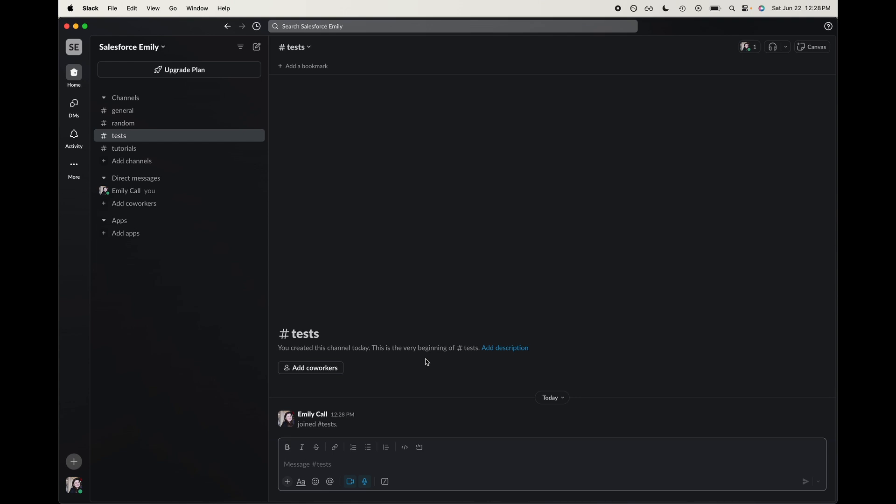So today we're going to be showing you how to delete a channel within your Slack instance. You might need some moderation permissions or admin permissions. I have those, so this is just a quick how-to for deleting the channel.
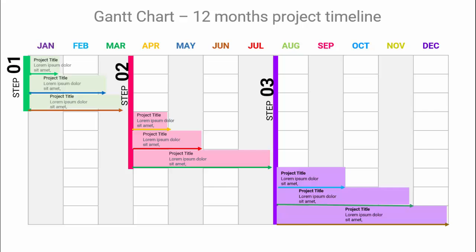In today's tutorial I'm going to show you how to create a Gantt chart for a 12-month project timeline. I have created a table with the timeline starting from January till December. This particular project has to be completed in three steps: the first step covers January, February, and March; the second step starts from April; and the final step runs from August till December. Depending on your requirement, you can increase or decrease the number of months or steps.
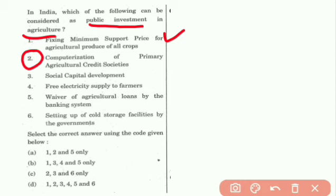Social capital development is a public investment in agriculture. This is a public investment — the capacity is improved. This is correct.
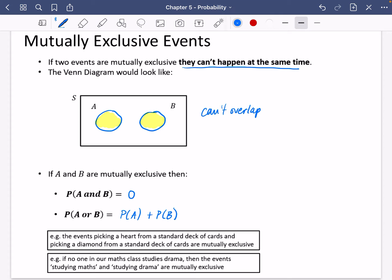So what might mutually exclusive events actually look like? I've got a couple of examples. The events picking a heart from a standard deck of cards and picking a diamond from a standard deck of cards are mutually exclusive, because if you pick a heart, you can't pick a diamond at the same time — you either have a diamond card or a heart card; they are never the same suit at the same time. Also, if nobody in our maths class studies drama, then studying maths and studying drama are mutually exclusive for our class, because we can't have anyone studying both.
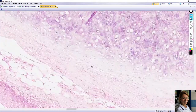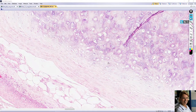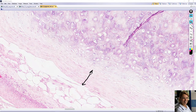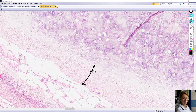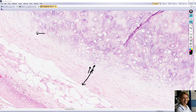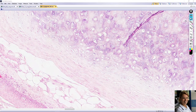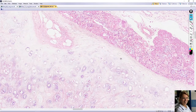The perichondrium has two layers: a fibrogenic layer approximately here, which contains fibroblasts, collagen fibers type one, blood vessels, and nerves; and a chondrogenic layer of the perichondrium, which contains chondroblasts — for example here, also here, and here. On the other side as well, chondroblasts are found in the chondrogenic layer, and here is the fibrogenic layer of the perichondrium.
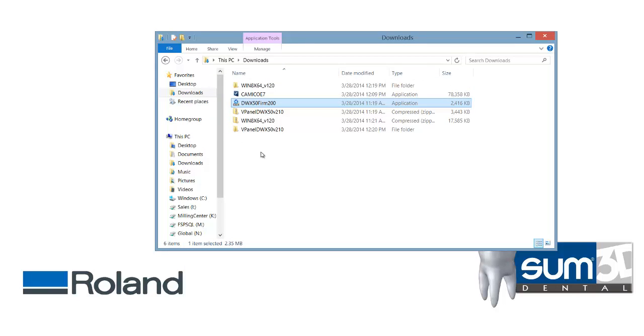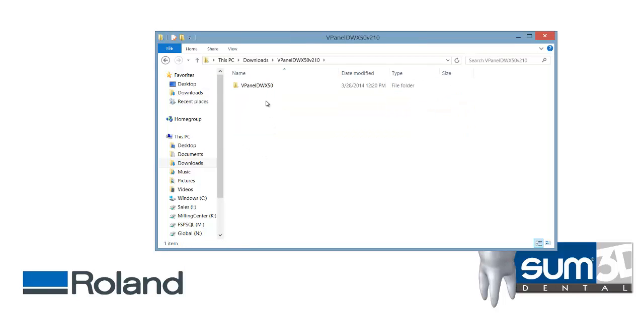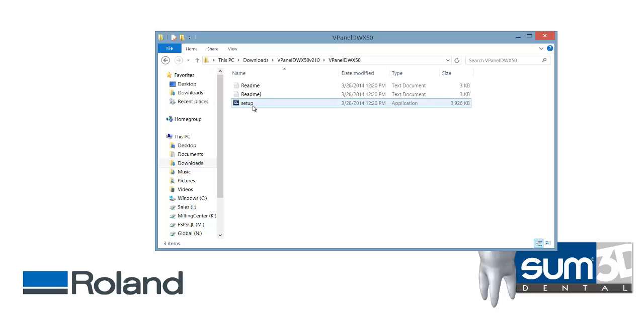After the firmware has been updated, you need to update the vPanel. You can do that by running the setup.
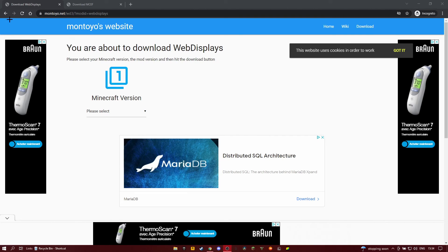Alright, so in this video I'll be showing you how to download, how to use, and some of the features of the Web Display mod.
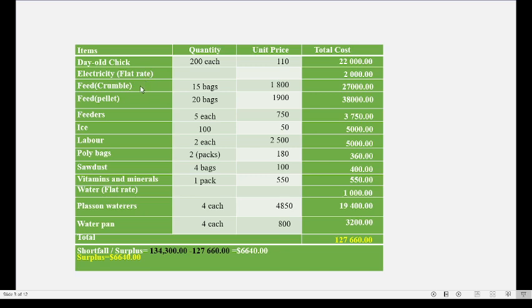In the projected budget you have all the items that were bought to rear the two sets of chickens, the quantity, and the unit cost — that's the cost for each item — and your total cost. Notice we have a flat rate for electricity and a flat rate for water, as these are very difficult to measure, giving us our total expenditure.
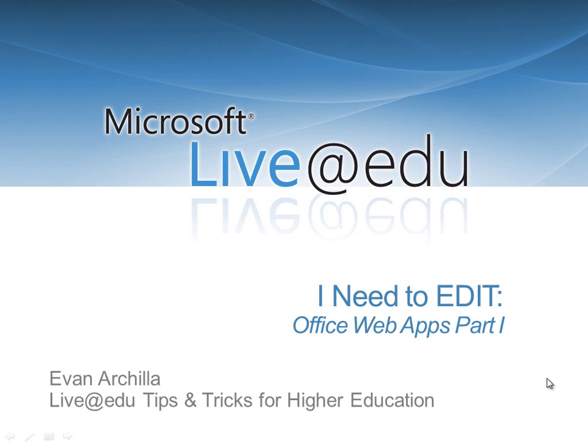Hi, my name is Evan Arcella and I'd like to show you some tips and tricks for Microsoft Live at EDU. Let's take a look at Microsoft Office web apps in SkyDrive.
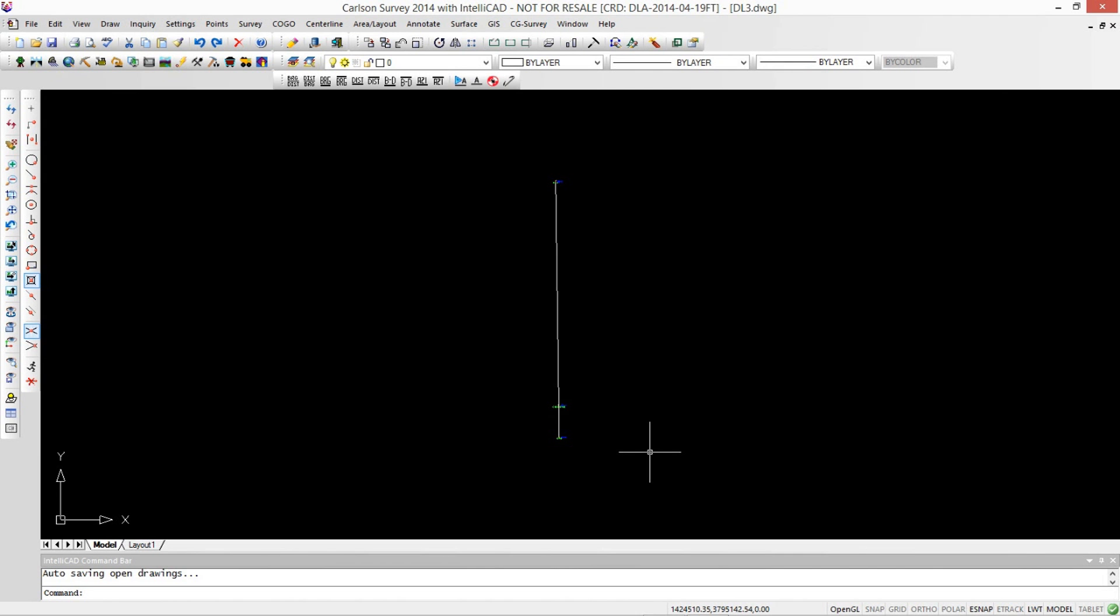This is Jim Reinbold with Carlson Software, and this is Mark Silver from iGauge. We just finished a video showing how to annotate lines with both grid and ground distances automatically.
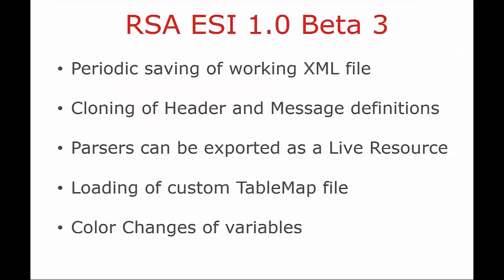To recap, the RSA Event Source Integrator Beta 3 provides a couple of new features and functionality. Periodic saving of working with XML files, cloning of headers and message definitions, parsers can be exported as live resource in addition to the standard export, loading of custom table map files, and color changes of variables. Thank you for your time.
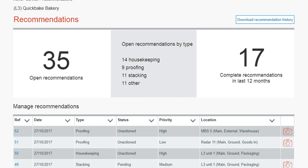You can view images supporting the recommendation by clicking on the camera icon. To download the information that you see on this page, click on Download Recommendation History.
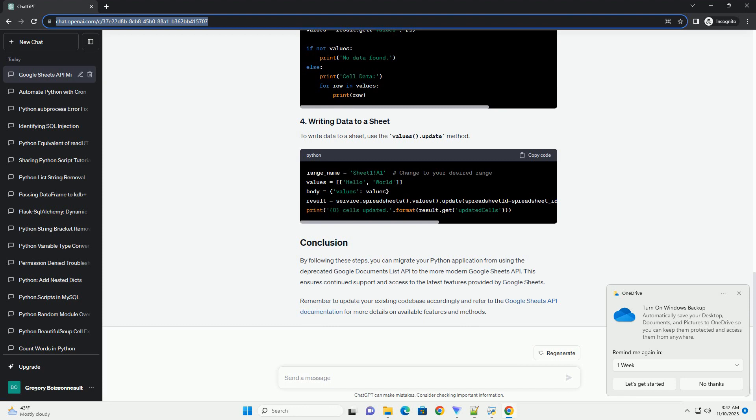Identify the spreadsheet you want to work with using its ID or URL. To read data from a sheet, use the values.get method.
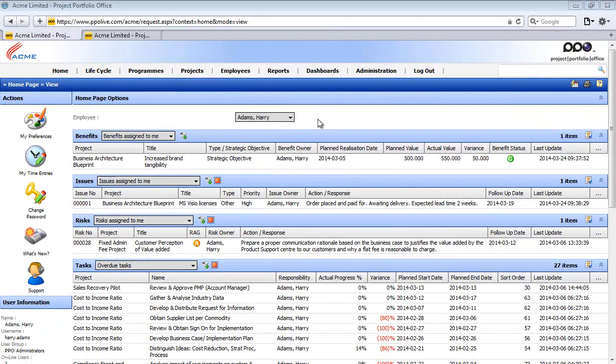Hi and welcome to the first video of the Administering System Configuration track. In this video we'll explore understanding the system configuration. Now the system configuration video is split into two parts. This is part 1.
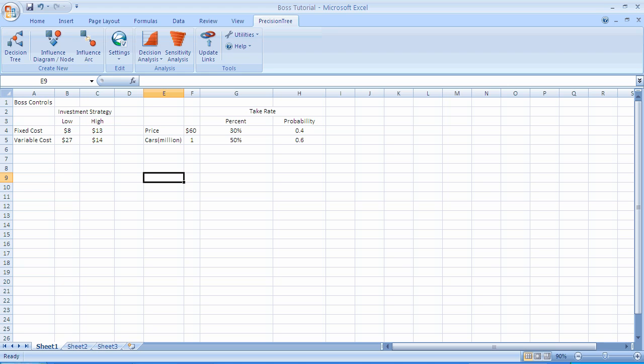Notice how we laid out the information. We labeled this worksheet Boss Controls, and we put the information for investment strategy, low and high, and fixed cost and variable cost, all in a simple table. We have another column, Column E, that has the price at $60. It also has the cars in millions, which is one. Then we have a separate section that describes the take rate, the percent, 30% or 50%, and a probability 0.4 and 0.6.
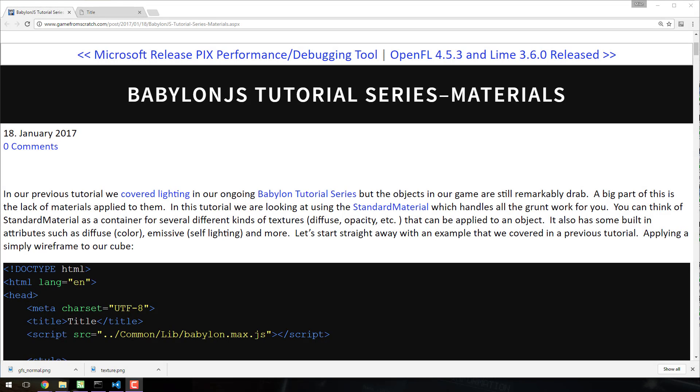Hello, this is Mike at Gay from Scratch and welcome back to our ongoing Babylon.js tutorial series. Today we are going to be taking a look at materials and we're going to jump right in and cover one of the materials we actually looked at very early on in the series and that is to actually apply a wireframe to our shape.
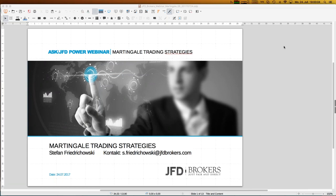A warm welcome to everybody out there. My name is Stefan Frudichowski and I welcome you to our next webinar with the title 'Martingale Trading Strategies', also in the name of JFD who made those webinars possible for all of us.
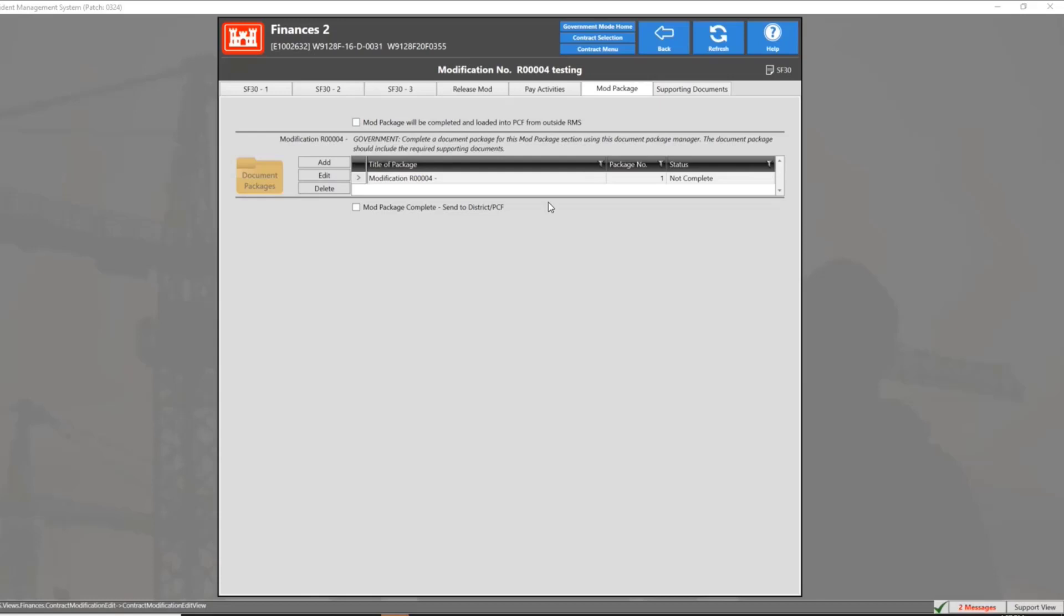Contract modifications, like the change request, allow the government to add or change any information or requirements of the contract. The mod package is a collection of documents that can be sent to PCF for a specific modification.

- **Exercise prompt**
Leave the pictures out and output exactly the lines above, from the start of the listing through the line with "So what might".

- **Reply**
So today we're going to be showing you how to delete a channel within your Slack instance. You might need some moderation permissions or admin permissions. I have those, so this is just a quick how-to for deleting the channel.
In today's tutorial I'm going to show you how to create a Gantt chart for a 12-month project timeline. I have created a table with the timeline starting from January till December. This particular project has to be completed in three steps: the first step covers January, February, and March; the second step starts from April; and the final step runs from August till December. Depending on your requirement, you can increase or decrease the number of months or steps.
Social capital development is a public investment in agriculture. This is a public investment — the capacity is improved. This is correct.
So what might mutually exclusive events actually look like? I've got a couple of examples. The events picking a heart from a standard deck of cards and picking a diamond from a standard deck of cards are mutually exclusive, because if you pick a heart, you can't pick a diamond at the same time — you either have a diamond card or a heart card; they are never the same suit at the same time. Also, if nobody in our maths class studies drama, then studying maths and studying drama are mutually exclusive for our class, because we can't have anyone studying both.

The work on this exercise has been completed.